3.7.09

Será a existência humana preferível à de um seixo?

"No século XIX, Schopenhauer, conhecido como sendo o filósofo do pessimismo, acentuou o sofrimento da vida humana: ou queremos alguma coisa que não temos ou temos o que queríamos. De uma maneira ou de outra, sofremos - através da falta do que queremos ou através do tédio pela falta de querer, agora que temos o que queremos. (...)
Se Shopenhauer estiver certo, não seria melhor ser um seixo, e não ter todas as experiências? Se fôssemos seixos na praia, as ondas e os tumultos seriam (...) levados pela maré. (...)
É um erro pensar que se desenvolvermos os meios para alcançar os fins, os meios são irrelevantes, sem qualquer valor em si mesmo e que são apenas os fins que importam. O nosso objectivo pode ser alcançar o topo do monte Everest, mas nós não queremos alcançá-lo simplesmente por qualquer meio.

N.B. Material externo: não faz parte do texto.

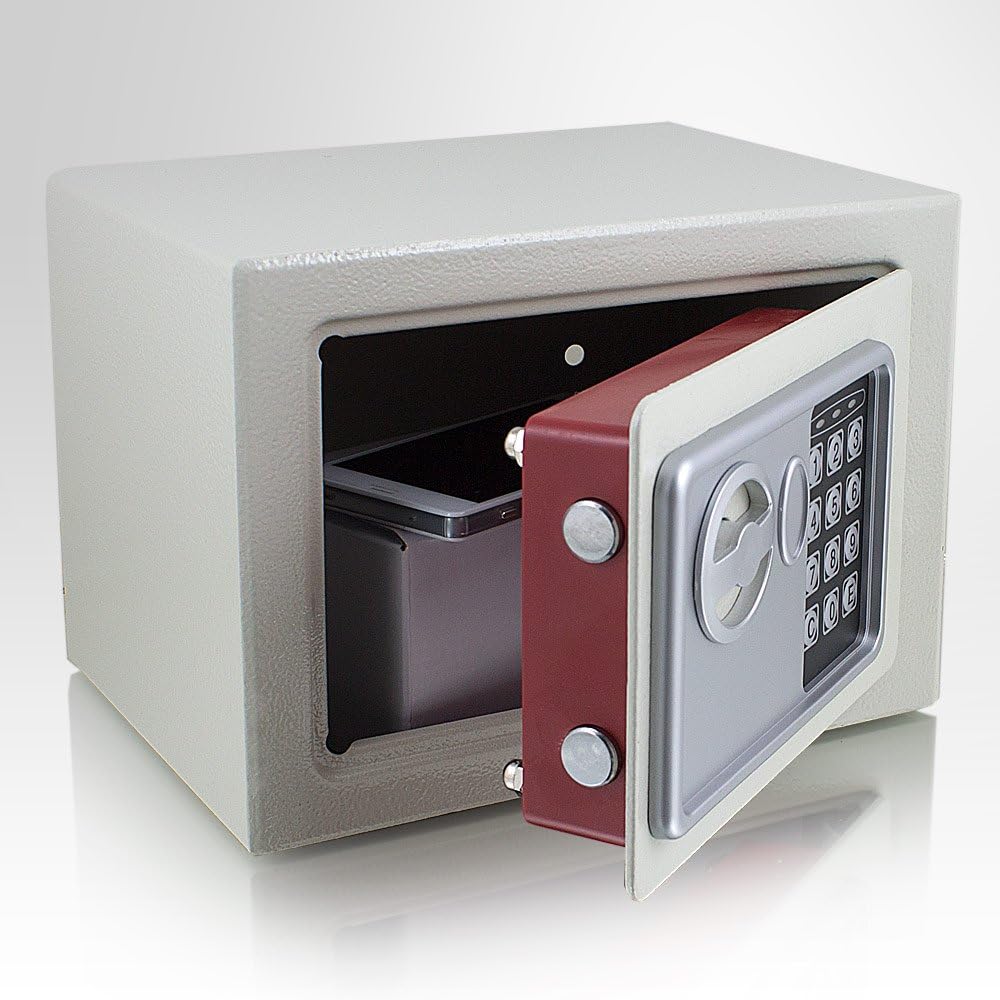 Safe Tresor elektronisch Minisafe Wandtresor Wandsafe Schranktresor Geldschrank Möbeltresor Geldsafe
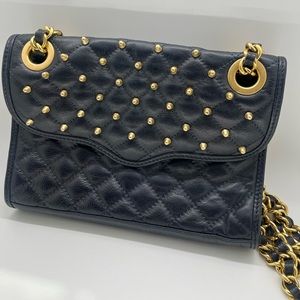 Rebecca Minkoff Quilted Navy Leather Bag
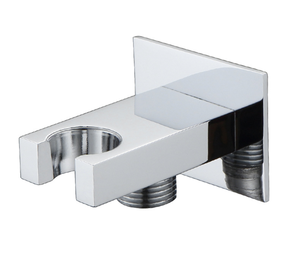 Support mural réglable pour douchette, coudière simple chromée moderne, accessoires de robinetterie de salle de bain - Product Image 1
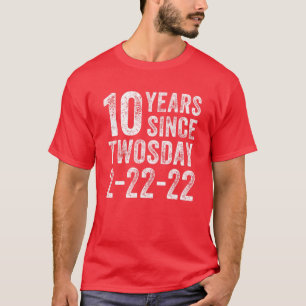 Camiseta 10 Aniversario 2022 Nacido En Feb.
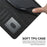 For Samsung Galaxy A34 5G Phone Case with Strap Imprint PU Leather Wallet Stand Cover - Black - 6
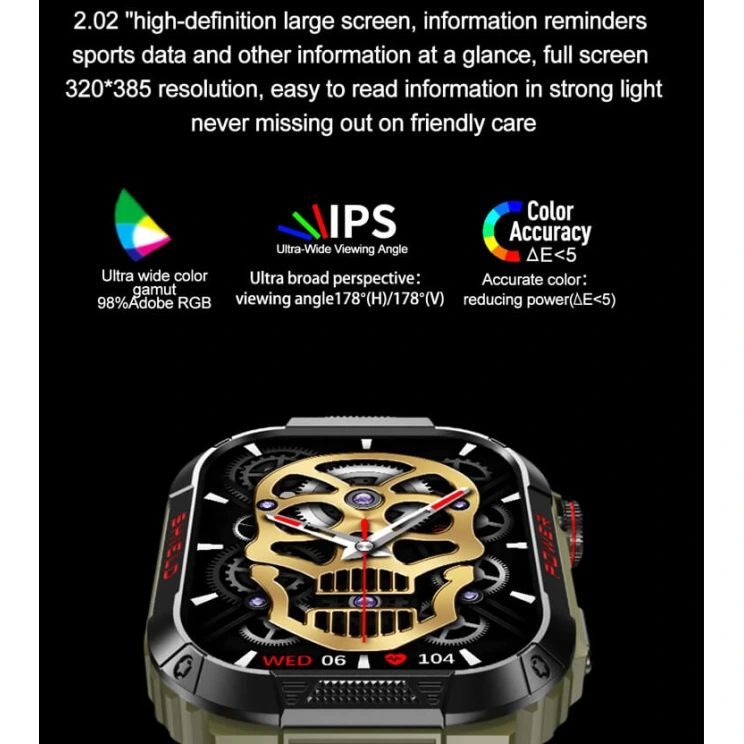 Smartwatch Microwear TK25 - Green Camo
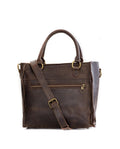 Zemp Bastille Grab and Go Handbag | Waxy Brown - KaryKase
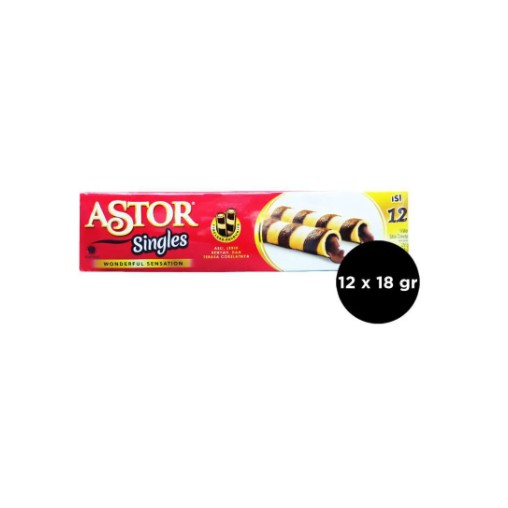 

ASTOR SINGLES WONDERFUL SENSATION CHOCOLATE ISI 20 X 15,5 GRAM 216 GRAM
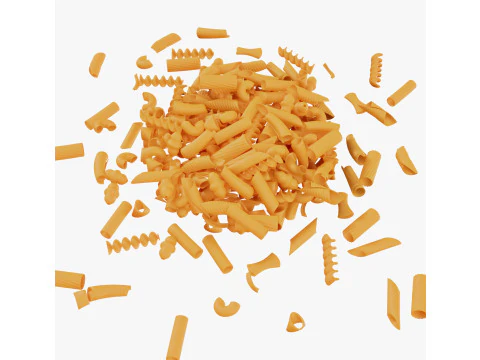 Pasta Shapes Assortment M1 3D Model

Queremos escalar a montanha, enfrentar as tempestades de neve, persistir na luta, sempre a subir. (...)
Shopenhauer pode ter razão no seu pessimismo, no sentido de a maior parte das vidas envolverem mais sofrimento do que satisfações. Muitos sofrimentos parecem mais ou menos inevitáveis - mesmo para os que são vencedores na vida. Há perdas de família, amigos e parceiros amorosos; a percepção da perda crescente de capacidades na velhice; e muito provavelmente, a experiência directa em nós próprios dessa perda de capacidades. (...) Há a percepção do sofrimento de milhões de outras pessoas, no passado, no presente e no futuro e dos animais. (...)
Qual é o propósito disto tudo? (...) Há objectivos e propósitos na minha vida - mas qual é o propósito ou objectivo da minha vida? (...) [E qual o] propósito de uma vida infinitamente longa?

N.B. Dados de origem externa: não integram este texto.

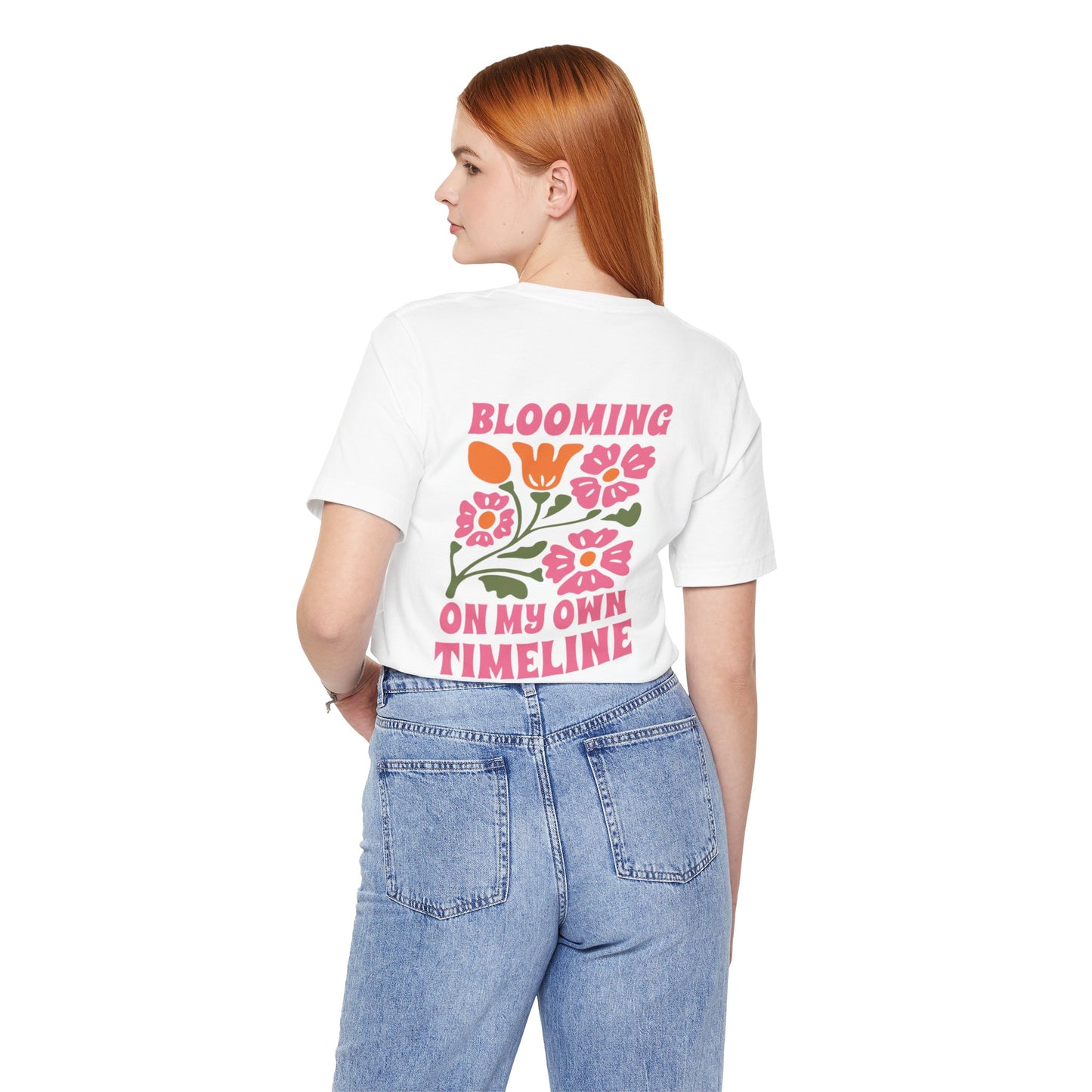 Blooming Floral Unisex Tee - Positive Vibes T-Shirt for Growth and Self-Care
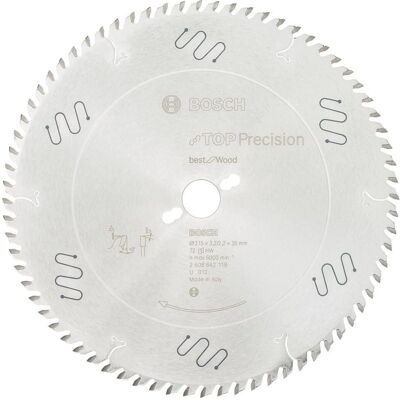 Bosch Microteq Kreissägeblatt - 72 Zähne - Holzschnitt - Industriell Qualität Bosch Microteq Kreissägeblatt - 72 Zähne - Holzschnitt - Industriell Qualität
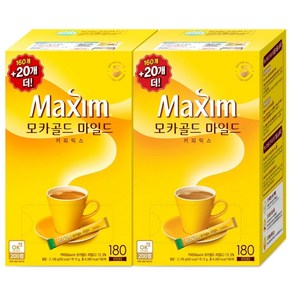 [맥심] 모카골드 마일드(160T+20T)x2개입 (I), 2개, 180개입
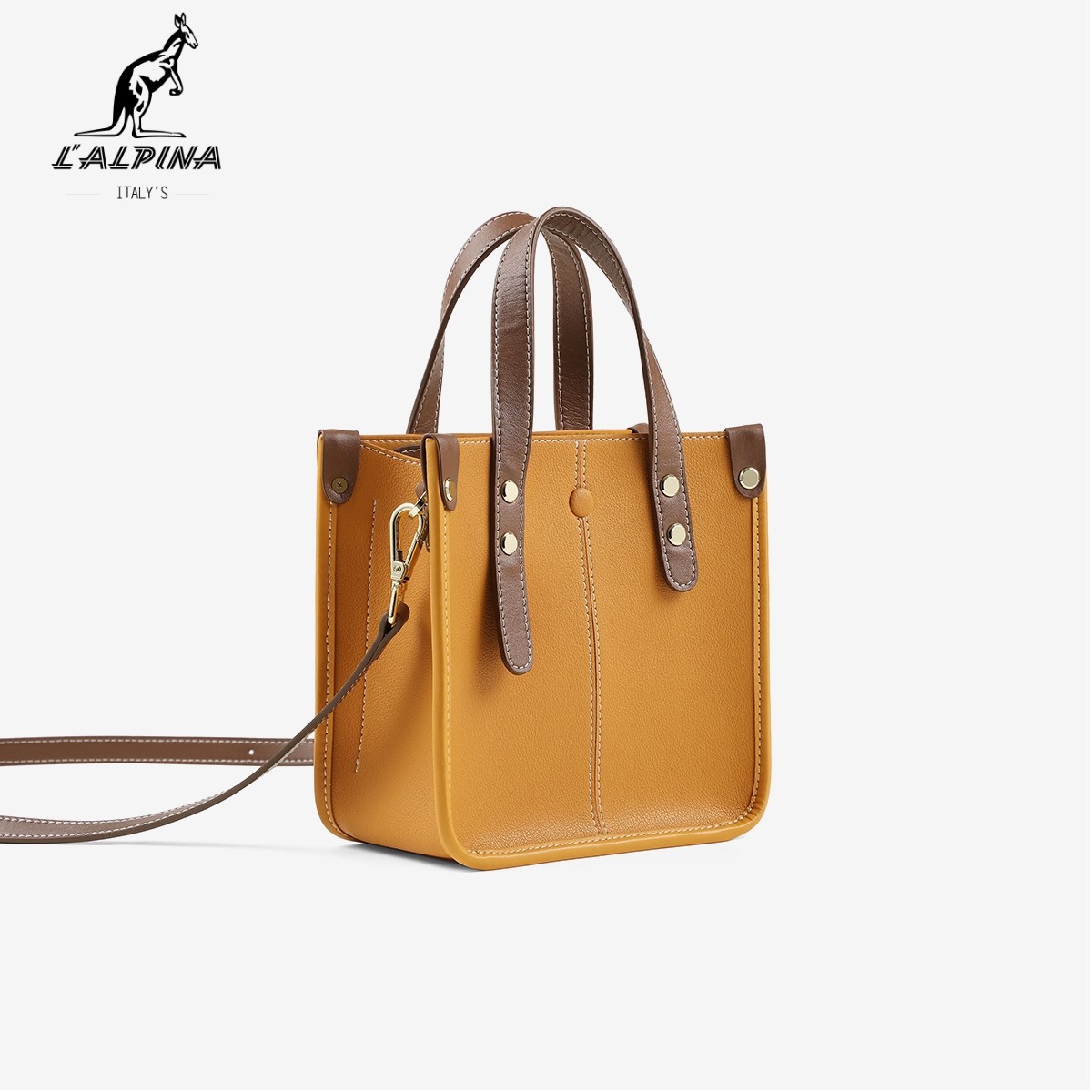 lalpina袋鼠单肩斜挎2020潮手提包 lalpina箱包女士包袋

Talvez devêssemos tomar consciência de que, para alguma coisa ter valor, ela não precisa de ter um propósito. (...)
As vidas podem ser valiosoas, em particular porque são vidas de pessoas apreciadoras das características do universo, da vida e de viver. É verdade, as vidas terminam; mas será que conseguiríamos sequer enfrentar a vida eterna? A consciência da morte envolve muitas pessoas em melancolias desanimadoras e opressoras de «Qual é o propósito?» Lembremo-nos de que não pode haver um propósito acima de todos os propósitos. Os propósitos devem acabar, assim como as explicações.

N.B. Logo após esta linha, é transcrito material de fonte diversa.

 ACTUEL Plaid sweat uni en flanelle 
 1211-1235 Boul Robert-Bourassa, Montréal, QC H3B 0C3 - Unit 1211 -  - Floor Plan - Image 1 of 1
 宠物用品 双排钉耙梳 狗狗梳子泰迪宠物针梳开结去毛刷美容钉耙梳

Todas as coisas que valorizamos, por mais raras e pequenas que sejam, trazem um propósito ou significado às nossas vidas - as amizades, os amores e os absurdos; essas memórias de paisagens entrelaçadas de paixões partilhadas e olhares dirigidos que magicamente seduzem e envolvem; a embriaguês de vinhos e palavras, meditações inconstantes e música, com os quais nos debatemos ao entrar nas noites nebulosas e sonolentas, os nossos sentidos revitalizados por águas cintilantes, tão necessárias de madrugada; as paisagens de mar com ondas selvagens, luares misteriosos e imagens e céus amplos que ampliam o olhar - deixam todas de existir; e curiosamente as mais encantadoras são muitas vezes aquelas nas quais nos perdemos e também deixamos de existir - se elas, e nós existimos em algum momento permanece intemporalmente verdade, fora de todo o tempo. Para os amantes da eternidade, melhor do que isso é impossível."
Peter Cave, Duas vidas valem mais que uma?, (2008), Academia do Livro, pp. 207 - 210. (Texto Adaptado)



Um bom livro para férias. Boas leituras!